--- TASK OBJECTIVE ---
When you transcribe the listing that follows, keep every line exact and skip any picture.

--- DATASET CONTENT ---
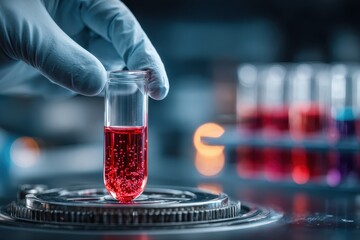 Scientist holding a test tube with a red solution in a modern laboratory for research.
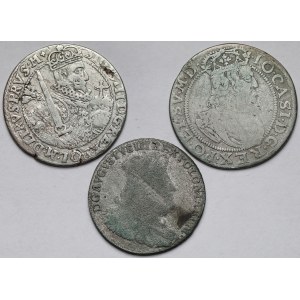 Zygmunt III Waza, Jan II Kazimierz i August III Sas, Orty 1623-1755 - zestaw (3szt)
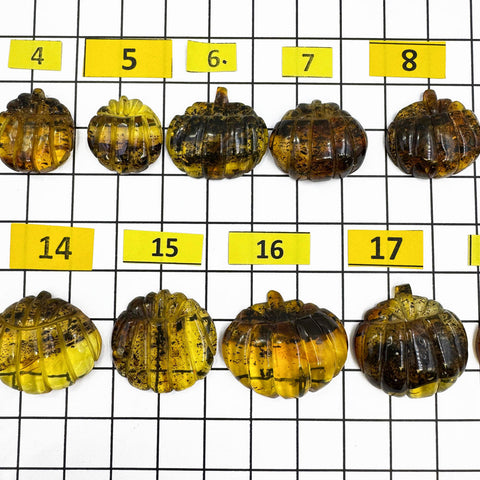 Fossil Amber Carved Pumpkin Cabochons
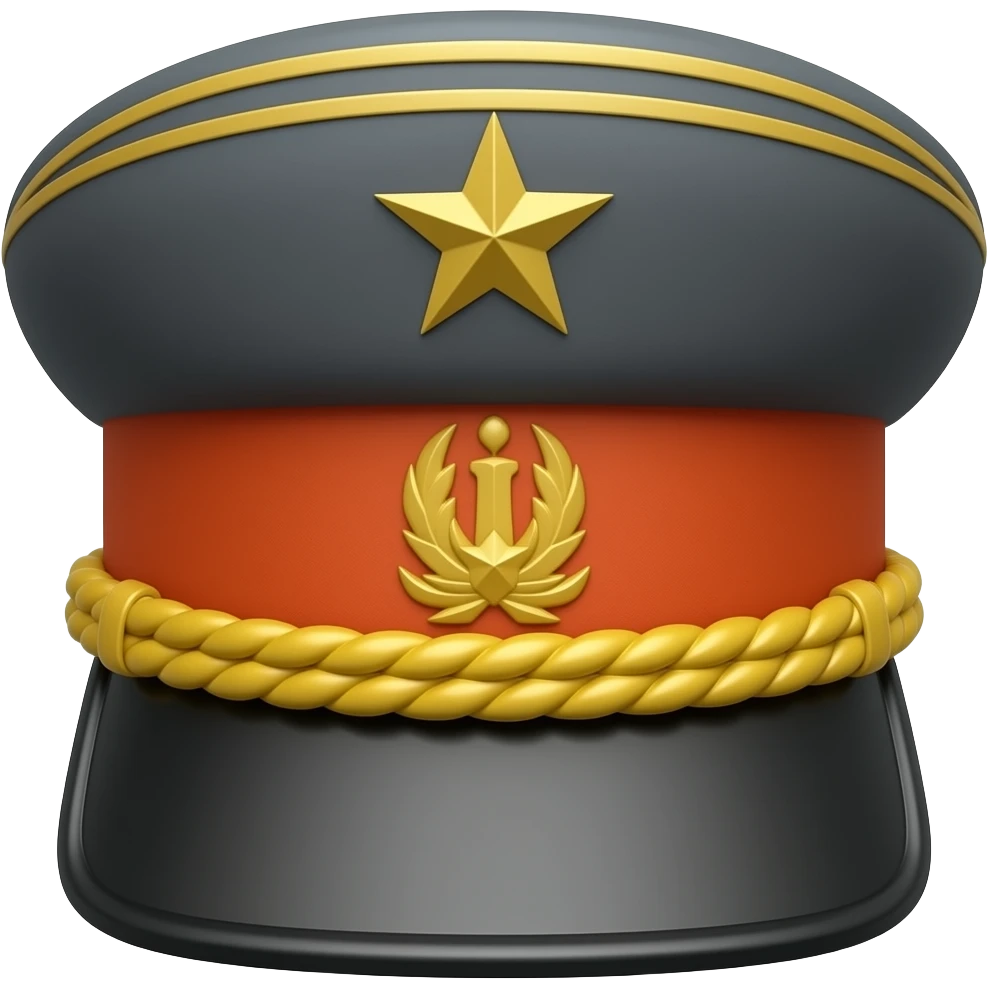 flat black shiny Kepi hat with pastel orange and gold accents emoji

--- WRITTEN REPLY ---
 Scientist holding a test tube with a red solution in a modern laboratory for research.
 Zygmunt III Waza, Jan II Kazimierz i August III Sas, Orty 1623-1755 - zestaw (3szt)
 Fossil Amber Carved Pumpkin Cabochons
 flat black shiny Kepi hat with pastel orange and gold accents emoji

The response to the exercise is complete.